新NISAの拡充や退職所得控除の「5年ルール⇒10年ルール」改正を受けて、「iDeCoをこのまま続けるべきか、それとも止めるべきか?」と迷っている方も多いのではないでしょうか。特に公務員や退職金のある方は、税制メリットの減少に悩まれるケースが増えています。本記事では、iDeCoを最小拠出で継続する場合と、いったん運用指図者になる場合の比較、そして退職金との税制調整について解説します。
なぜ今、iDeCoを見直す人が増えているのか?
2024年から新NISAが拡充され、年間360万円の投資枠が非課税で使えるようになりました。これにより、「iDeCoよりもNISAのほうが使いやすく、いつでも引き出せる」という理由でNISAを優先する人が増えています。
さらに2022年の税制改正で、退職所得控除に適用される『5年ルール』が『10年ルール』へ変更されました。これにより、退職金とiDeCoを数年ずらして受け取っても、退職所得控除が通算されるリスクが増し、節税効果が薄れる場合があります。
iDeCoを月5,000円で継続するメリット・デメリット
iDeCoを月5,000円で続ける最大のメリットは、少額でも毎年の所得控除が受けられる点です。年60,000円の拠出で、所得税+住民税を合わせて約10,000〜15,000円の節税効果が見込めます(年収500万円前後の場合)。

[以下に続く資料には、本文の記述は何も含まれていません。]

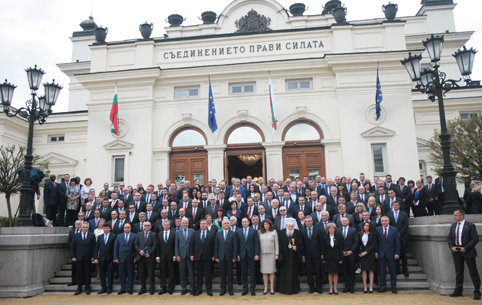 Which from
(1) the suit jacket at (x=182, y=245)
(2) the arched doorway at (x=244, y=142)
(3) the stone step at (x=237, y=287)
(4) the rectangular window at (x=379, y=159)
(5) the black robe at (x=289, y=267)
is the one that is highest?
(2) the arched doorway at (x=244, y=142)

また、iDeCo内での運用益は非課税のまま複利で増えていくため、長期で積立を続ければ老後資産としては心強い存在になります。一方で、60歳まで引き出せないため、流動性は極めて低く、生活の変化に柔軟に対応できないデメリットがあります。
運用指図者になる選択肢とその活用法
拠出を止めても、iDeCoを完全に解約することはできませんが、「運用指図者」として今ある資産の運用は継続できます。その間、新NISAなどより自由度の高い制度に資金を回すことで、ライフイベントに合わせた柔軟な資産形成が可能です。
たとえば、30代で住宅購入や子育て資金などの支出が増える時期はNISA中心に運用し、40代や50代で家計に余裕が出てから再びiDeCoへの拠出を再開するという形です。

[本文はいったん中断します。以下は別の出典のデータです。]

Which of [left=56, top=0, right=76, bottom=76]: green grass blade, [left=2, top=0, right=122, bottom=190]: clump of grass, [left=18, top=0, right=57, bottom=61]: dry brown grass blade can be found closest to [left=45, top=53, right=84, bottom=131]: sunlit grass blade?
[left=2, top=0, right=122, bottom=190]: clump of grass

60歳でiDeCo、63歳で退職金受け取り時の税制シミュレーション
iDeCoと退職金はどちらも「退職所得」として課税されます。退職所得控除は『勤続年数×40万円(20年以下)+(21年目以降は70万円)』という式で計算されます。
例えば、60歳でiDeCoを一括受取(300万円)、63歳で退職金(2000万円)を受け取る場合、5年超の間隔があればそれぞれに退職所得控除が個別適用されます。

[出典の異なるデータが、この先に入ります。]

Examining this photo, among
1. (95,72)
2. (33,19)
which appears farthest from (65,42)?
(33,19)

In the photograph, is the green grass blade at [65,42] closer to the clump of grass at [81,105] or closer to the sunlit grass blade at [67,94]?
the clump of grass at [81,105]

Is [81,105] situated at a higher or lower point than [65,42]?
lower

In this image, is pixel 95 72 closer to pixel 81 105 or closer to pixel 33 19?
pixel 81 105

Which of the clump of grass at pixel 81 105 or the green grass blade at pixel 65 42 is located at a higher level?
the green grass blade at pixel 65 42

ただし、今回の税制改正後では、退職所得が10年以内に重なると“通算される”可能性が高く、iDeCoと退職金の控除額が一体計算されてしまう恐れがあります。このため、受け取り時期の分散が以前より難しくなっています。
具体的な対応例:公務員32歳・定年65歳のシナリオ
・現在:iDeCo月12,000円 → 新NISA優先のため拠出停止
・35歳:運用指図者として維持、NISAで年間240万円の投資
・45歳:教育費の負担が落ち着き、iDeCoを再開(月23,000円)
・60歳:iDeCoを年金形式で分割受取(税負担を抑える)
・65歳:退職金を一括で受け取る
このように、受取時期を「年金受け取り形式」にすることで、iDeCoと退職金の税負担が重ならないよう分散できる可能性があります。
まとめ:ライフプランに合わせた制度の組み合わせが重要
iDeCoは確かに税制メリットが魅力ですが、受け取り時の課税ルールや流動性を考えると、必ずしも「続けること」が正解ではありません。
新NISAを活用しつつ、ライフステージごとに拠出額を見直すことで、より柔軟で実効性のある資産形成が可能になります。特に退職所得控除の調整を意識した受け取り戦略を立てることが、税金を最小化し、老後資金を最大化する鍵になります。